Since at least half of the English-speaking population of the world can't seem to pronounce Worcestershire sauce correctly, can you blame Brazilians for not even trying? I don't. Worcestershire is one of those horrible English words that English-language students around the world love to hate - because there is no visible correspondence between the letters on the page and the pronunciation that comes out of the mouth. And to make matters worse, the correct pronunciation is full of consonant clusters bunched together. There's nary a vowel in sight. So the Brazilians smartly decided to opt out of the whole mess and just call the stuff English sauce (molho inglês). So much simpler, straightforward and easyto pronounce. According to Wikipedia, the Spanish language has done the same thing - Spanish speakers call it salsa inglesa.
Whoever it was who first decided to call it English sauce knew the historical origins of this mixture of vinegar, molasses, sugar, salt, anchovies, tamarind, onion, garlic and "secret" spices. England is home to the original Lea & Perrins Worcestershire Sauce, even though the inspiration for the recipe most probably came from British India during the days of the Raj. Some claim that Worcestershire sauce's ancestry can be traced back as far as the Roman fermented-anchovy sauce called garum, but that link has not been proven.
Molho inglês is a common-enough ingredient in Brazilian cooking, though it's not as commonly used as Worcestershire sauce is in England or Canada. Brazilian cooks use it to spice up and flavor salad dressings, dipping sauces, marinades, stroganoff (estroganofe), and tomato sauces. If Brazilians knew what a Bloody Mary was, they'd probably use it in making one, but since tomato juice, and hence the Bloody Mary, are almost unheard of in Brazil, they don't.
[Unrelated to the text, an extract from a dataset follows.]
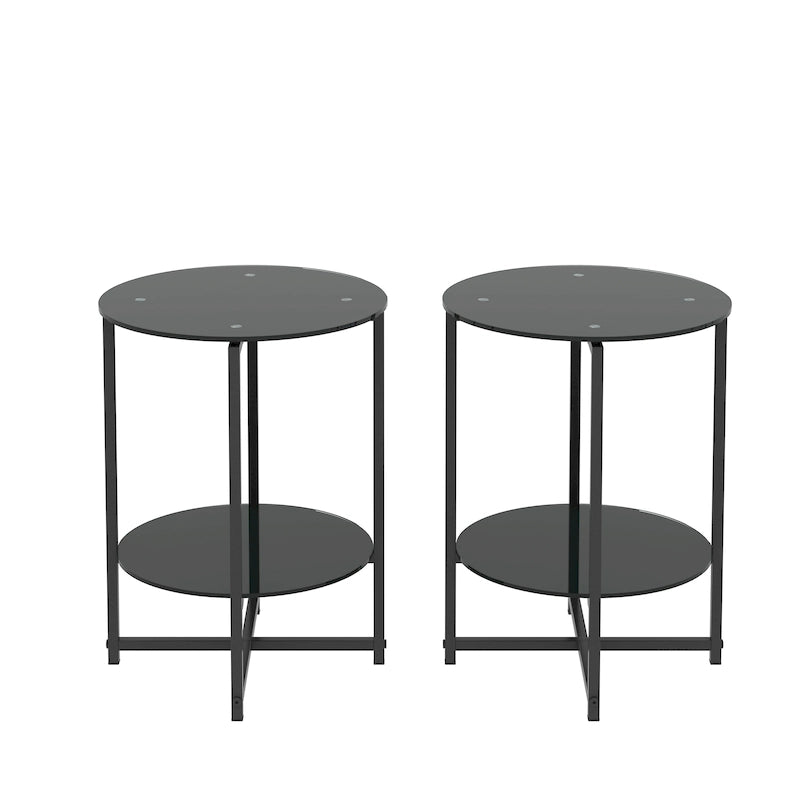 Tables d'appoint rondes noires en verre trempé (lot de 2) pour salon ou chambre à coucher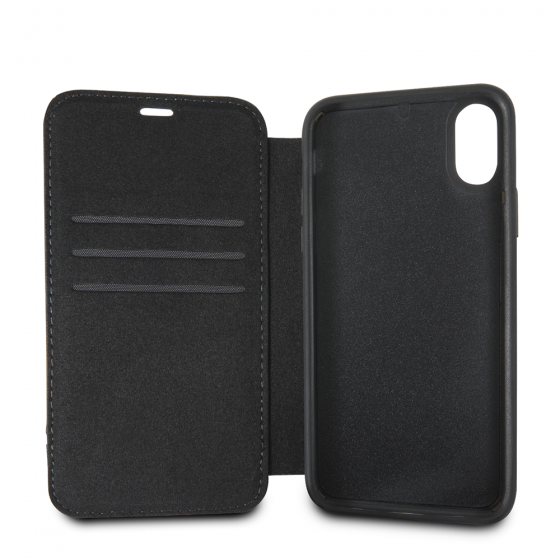 IPHONE X & IPHONE XS MERCEDES-BENZ LEATHER PATTERN II - WALLET CASE(127)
Unfortunately, however, most brands of Brazilian molho inglês are weak imitations of the English original. They are whimpy and merely sweet, lacking the salty, fishy punch of the real thing. I can understand why Brazilian Worcestershire sauce might be sweeter because of the notorious Brazilian sweet tooth, but normally Brazilians don't shy away from strong flavors, so I'm not sure why it is so weak.
Lea & Perrins Worcestershire sauce is available in a few exclusive gourmet shops here in Brazil , but the cost for the smallest bottle imaginable is well over $20.00. The stuff is delicious, but let's be realistic, it's not like 30-year-old aged balsamic vinegar. If it weren't for the fear of the bottle breaking in my suitcase, I'd be smuggling Worcestershire sauce in my luggage every time I return to Brazil. But the mere thought of all my clothes reeking of vinegar, molasses, anchovies and tamarind has been enough to dissuade me - so far at least.